NON-PRECEDENTIAL DECISION - SEE SUPERIOR COURT I.O.P. 65.37

Appeal from the Decree January 12, 2018 in the Court of Common Pleas of Cumberland County
Orphans' Court at No(s): 113-Adopt-2017 BEFORE: BOWES, MCLAUGHLIN, and STRASSBURGER, JJ. MEMORANDUM BY STRASSBURGER, J.

Retired Senior Judge assigned to the Superior Court.

K.S. (Mother) appeals from the decree entered January 12, 2018, in the Court of Common Pleas of Cumberland County, which terminated involuntarily her parental rights to her minor son, M.S. (Child), born in November 2012. Mother's counsel has filed a petition to withdraw and brief pursuant to Anders v. California , 386 U.S. 738 (1967), and Commonwealth v. Santiago , 978 A.2d 349 (Pa. 2009). Upon review, we deny counsel's petition to withdraw, vacate the decree without prejudice, and remand for further proceedings consistent with this memorandum.
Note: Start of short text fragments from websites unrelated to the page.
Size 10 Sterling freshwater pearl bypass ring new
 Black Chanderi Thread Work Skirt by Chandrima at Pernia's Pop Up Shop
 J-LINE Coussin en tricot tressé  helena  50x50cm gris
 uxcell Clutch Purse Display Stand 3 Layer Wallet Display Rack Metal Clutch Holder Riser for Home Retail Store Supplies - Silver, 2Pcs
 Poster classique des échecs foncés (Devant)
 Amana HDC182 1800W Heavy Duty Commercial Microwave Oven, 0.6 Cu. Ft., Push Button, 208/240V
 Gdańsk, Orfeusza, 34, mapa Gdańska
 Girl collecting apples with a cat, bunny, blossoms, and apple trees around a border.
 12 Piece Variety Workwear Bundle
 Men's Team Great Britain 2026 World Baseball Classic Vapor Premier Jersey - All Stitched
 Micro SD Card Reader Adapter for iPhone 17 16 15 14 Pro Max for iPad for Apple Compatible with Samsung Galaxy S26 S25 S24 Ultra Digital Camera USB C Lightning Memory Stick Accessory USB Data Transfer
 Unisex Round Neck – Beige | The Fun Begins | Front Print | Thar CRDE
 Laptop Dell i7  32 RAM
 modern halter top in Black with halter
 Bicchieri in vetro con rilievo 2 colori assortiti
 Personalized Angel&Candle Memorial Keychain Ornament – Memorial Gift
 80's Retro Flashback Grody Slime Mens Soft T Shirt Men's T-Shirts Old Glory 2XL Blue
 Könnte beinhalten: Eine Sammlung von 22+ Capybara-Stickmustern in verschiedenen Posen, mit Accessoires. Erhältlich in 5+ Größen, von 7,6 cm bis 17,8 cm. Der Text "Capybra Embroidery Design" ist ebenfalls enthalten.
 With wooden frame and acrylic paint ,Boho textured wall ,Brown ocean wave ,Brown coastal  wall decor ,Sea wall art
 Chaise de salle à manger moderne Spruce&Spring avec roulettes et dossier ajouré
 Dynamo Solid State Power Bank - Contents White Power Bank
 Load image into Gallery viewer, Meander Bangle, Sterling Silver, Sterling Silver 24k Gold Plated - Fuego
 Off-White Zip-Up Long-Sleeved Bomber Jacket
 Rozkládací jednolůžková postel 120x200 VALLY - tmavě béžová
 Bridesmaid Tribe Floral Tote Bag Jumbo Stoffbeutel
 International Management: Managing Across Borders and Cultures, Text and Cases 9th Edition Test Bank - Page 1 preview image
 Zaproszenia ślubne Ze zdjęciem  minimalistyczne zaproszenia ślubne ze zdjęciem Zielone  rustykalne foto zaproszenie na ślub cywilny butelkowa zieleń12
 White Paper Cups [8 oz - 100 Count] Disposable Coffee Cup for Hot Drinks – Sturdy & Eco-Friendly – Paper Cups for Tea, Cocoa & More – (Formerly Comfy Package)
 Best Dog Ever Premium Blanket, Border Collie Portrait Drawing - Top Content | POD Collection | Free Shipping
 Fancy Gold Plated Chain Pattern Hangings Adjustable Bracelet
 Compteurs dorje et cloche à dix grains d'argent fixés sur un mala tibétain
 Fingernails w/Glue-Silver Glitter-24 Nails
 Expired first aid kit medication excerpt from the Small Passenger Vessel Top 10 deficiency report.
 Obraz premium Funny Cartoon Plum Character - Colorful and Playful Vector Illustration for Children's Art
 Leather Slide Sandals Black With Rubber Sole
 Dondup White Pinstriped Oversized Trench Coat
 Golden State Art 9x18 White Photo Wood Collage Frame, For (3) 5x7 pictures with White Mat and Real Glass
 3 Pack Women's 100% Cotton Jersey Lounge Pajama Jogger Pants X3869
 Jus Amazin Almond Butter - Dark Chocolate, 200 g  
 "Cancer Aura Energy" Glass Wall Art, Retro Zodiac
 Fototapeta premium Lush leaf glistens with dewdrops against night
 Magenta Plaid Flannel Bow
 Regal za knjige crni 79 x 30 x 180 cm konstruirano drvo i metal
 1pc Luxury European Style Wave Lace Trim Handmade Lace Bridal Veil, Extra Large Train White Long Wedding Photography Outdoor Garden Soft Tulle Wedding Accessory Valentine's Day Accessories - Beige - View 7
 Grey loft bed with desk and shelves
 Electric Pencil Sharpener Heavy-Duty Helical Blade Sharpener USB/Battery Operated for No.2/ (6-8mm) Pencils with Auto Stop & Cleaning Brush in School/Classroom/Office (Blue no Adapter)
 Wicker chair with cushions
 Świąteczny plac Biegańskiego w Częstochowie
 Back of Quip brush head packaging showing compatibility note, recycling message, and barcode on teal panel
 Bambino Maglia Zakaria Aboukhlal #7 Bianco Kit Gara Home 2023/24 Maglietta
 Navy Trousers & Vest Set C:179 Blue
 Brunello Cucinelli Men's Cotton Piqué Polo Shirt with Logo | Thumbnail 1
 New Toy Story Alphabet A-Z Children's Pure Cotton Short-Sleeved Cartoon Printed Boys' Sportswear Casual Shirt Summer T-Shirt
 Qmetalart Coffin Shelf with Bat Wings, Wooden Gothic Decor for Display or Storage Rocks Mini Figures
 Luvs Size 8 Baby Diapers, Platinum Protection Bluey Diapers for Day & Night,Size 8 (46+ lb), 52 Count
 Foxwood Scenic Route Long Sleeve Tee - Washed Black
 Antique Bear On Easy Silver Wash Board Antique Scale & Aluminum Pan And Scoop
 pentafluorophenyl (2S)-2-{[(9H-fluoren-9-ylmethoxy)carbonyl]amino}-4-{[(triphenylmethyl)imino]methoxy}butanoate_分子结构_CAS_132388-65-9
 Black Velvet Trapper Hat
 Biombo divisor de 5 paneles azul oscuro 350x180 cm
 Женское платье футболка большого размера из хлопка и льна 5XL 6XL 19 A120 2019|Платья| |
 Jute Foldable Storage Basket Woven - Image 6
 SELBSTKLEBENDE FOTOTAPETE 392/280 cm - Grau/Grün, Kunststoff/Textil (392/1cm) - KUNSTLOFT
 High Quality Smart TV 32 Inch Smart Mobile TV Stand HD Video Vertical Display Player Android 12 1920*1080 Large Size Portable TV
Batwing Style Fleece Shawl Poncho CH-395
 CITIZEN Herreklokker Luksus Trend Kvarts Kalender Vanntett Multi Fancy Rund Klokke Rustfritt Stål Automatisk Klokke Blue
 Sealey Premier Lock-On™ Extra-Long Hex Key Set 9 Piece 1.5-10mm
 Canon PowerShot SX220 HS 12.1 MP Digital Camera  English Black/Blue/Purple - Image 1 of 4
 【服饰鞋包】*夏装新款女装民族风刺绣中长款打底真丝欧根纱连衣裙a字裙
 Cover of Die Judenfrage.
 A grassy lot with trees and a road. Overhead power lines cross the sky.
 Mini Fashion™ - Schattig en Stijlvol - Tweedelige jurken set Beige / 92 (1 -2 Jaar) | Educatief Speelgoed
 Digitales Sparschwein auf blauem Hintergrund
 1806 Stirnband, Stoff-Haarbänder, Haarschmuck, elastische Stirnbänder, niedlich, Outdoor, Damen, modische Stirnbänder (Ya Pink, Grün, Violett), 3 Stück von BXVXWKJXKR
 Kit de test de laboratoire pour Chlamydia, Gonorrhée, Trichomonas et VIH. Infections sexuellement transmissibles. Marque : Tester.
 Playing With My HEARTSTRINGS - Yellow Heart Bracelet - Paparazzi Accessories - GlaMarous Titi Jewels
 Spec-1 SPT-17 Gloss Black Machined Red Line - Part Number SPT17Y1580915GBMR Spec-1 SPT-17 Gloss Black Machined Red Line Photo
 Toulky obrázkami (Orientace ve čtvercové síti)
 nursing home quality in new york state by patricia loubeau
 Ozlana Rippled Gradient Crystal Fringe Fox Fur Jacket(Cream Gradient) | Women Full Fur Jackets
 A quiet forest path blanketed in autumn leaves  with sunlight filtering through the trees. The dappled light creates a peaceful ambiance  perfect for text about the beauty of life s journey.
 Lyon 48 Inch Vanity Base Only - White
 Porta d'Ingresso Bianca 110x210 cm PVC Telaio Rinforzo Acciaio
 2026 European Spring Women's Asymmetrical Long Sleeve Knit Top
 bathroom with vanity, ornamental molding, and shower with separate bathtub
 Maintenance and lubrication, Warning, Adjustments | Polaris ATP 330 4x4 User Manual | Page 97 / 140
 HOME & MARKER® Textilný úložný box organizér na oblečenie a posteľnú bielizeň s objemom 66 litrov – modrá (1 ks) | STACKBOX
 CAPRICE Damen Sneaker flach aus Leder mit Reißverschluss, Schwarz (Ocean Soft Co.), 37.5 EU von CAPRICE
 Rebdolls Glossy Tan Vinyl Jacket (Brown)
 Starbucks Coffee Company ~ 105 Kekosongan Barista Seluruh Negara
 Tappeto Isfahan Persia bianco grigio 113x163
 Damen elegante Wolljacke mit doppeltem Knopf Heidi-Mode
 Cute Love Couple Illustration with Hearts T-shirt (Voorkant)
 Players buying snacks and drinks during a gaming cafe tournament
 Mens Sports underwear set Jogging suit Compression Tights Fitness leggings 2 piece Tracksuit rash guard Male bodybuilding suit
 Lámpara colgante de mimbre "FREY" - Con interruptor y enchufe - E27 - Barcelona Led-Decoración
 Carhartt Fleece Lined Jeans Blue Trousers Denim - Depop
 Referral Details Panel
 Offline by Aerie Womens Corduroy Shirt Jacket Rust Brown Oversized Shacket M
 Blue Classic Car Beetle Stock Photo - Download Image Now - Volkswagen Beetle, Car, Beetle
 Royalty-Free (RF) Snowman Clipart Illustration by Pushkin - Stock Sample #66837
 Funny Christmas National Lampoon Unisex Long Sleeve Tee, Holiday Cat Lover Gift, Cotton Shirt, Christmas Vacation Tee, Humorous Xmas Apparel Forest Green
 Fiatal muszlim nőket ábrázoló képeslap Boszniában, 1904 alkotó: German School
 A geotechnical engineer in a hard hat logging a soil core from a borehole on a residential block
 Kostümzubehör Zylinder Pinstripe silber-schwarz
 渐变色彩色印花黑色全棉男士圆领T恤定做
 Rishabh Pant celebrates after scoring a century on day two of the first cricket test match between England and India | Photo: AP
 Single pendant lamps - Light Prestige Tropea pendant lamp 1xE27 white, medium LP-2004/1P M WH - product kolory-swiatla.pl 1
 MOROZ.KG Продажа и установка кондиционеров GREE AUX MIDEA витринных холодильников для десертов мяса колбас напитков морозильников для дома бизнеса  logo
The orphans' court entered a separate decree that same day, terminating involuntarily the parental rights of Child's unknown father.

Cumberland County Children and Youth Services (CYS) has a lengthy history of involvement with this family, dating back to 2014, and resulting in two periods of dependency and four separate placements in foster care for Child. See CYS Exhibit 1 (dependency orders). Most recently, CYS obtained legal and physical custody of Child on May 23, 2016, due to concerns stemming from Mother's deteriorating mental health and possible substance abuse. Id. The juvenile court adjudicated Child dependent by order dated June 13, 2016, but returned him to Mother's care after she produced a negative drug screen. Id. This lasted just over four months, until Mother admitted to cocaine use, and CYS obtained emergency protective custody on October 6, 2016. Id. The juvenile court entered a shelter care order dated October 18, 2016, and Child has remained in foster care continuously since that time. Id.

On November 28, 2017, CYS filed a petition to terminate Mother's parental rights to Child involuntarily. The orphans' court conducted hearings on December 8, 2017 and January 12, 2018, after which it entered a decree terminating Mother's rights. Mother timely filed a notice of appeal on February 12, 2018, along with a concise statement of errors complained of on appeal. Mother's counsel filed a petition to withdraw and Anders brief on May 16, 2018.

Generally, a party must file his or her notice of appeal within thirty days after entry of the order. See Pa.R.A.P. 903(a) ("Except as otherwise prescribed by this rule, the notice of appeal ... shall be filed within 30 days after the entry of the order from which the appeal is taken."). Thirty days after January 12, 2018, was Sunday, February 11, 2018. Thus, Mother timely filed her notice of appeal on Monday, February 12, 2018. See 1 Pa.C.S. § 1908 ("Whenever the last day of any such period shall fall on Saturday or Sunday, ... such day shall be omitted from the computation.").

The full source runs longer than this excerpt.